Questions were: What plants do you know which have medicinal use? And for the other slide, what qualities does a chemist have? In
both cases I noted a more alive class. At the end since most of the questions were about the united states rather than chemistry I
asked them to give five things that they learned. They tried and did well stating things like organic cpds, functional groups without
coaching. I think I could have shown a list of all functional groups and then as an activity ask them to determine where they were in the
slide of the rxn to make aspirin. Another interactive approach.
They knew what an enzyme is from previous lecture from their teacher but I noted I had to coaxed from there what it had namely the
active site and also about the substrates’ role. They did answer them. Also I need to coax the idea of competitive inhibition.
It might have been better to dramatize competitive inhibition using a guy and two girls. I did use the metaphor but perhaps actual in
class drama would help. The plot would about a guy with a girl friend.
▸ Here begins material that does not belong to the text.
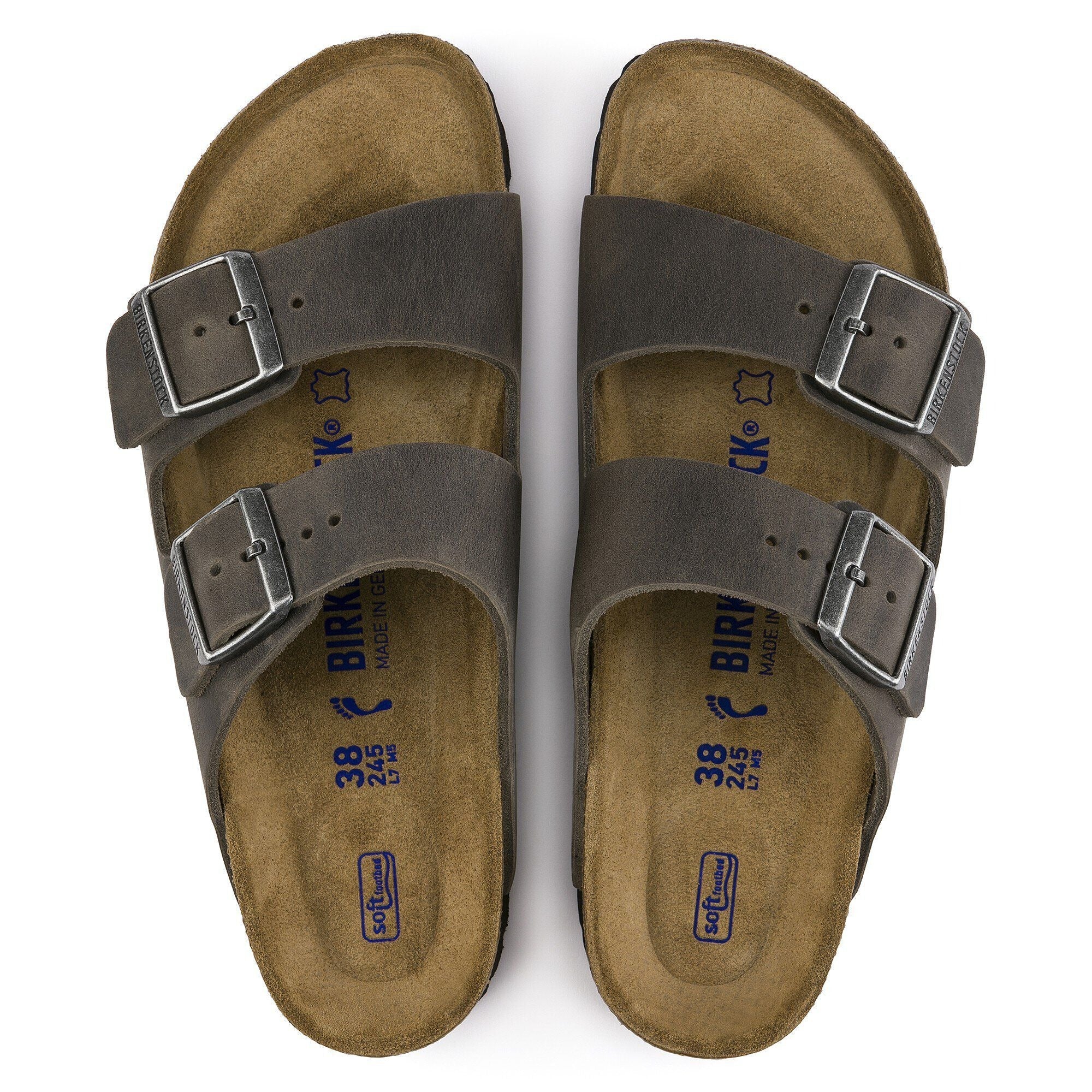 Arizona | Soft Footbed | Oiled Leather | Iron - Image 4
But then another came along a girl with same qualities (inhibitor
or drug). He would be attracted to her and it becomes a competition and the presence of the other girl inhibits interaction with the
original girl (substrate).
Perhaps re-title the demerol morphine slide as tweaking the functional groups to get different effects. This emphasizes this point.
Re-title the competitive inhibition, as how drugs stop a bad process to occur.
Another thought: since my goal is to get them to consider chem as a career I wonder if I should have just developed a slide of different
careers in chemistry. What subjects are covered in college etc. I did one like that when I was at carlow univ. In this slide I decided to
entice them by showing one particular application namely drug design. It might have been more exciting to include csi type work for
example. My original intention in doing this is to do both: present so they learn chem and hopefully consider chem as career. A few
raised their hands when asked if they do consider it. But then again they might just be trying to be polite. I asked them before class
and I think only one did. There were some who are into computers. Perhaps they do not know what they want yet. They are seniors
who have had chem in their junior year. Elen masa, gelay’s tutor, the contact person was there during the talk. Ms annie the chem
teacher was not and I think she was taking care of elen’s class. Not sure why.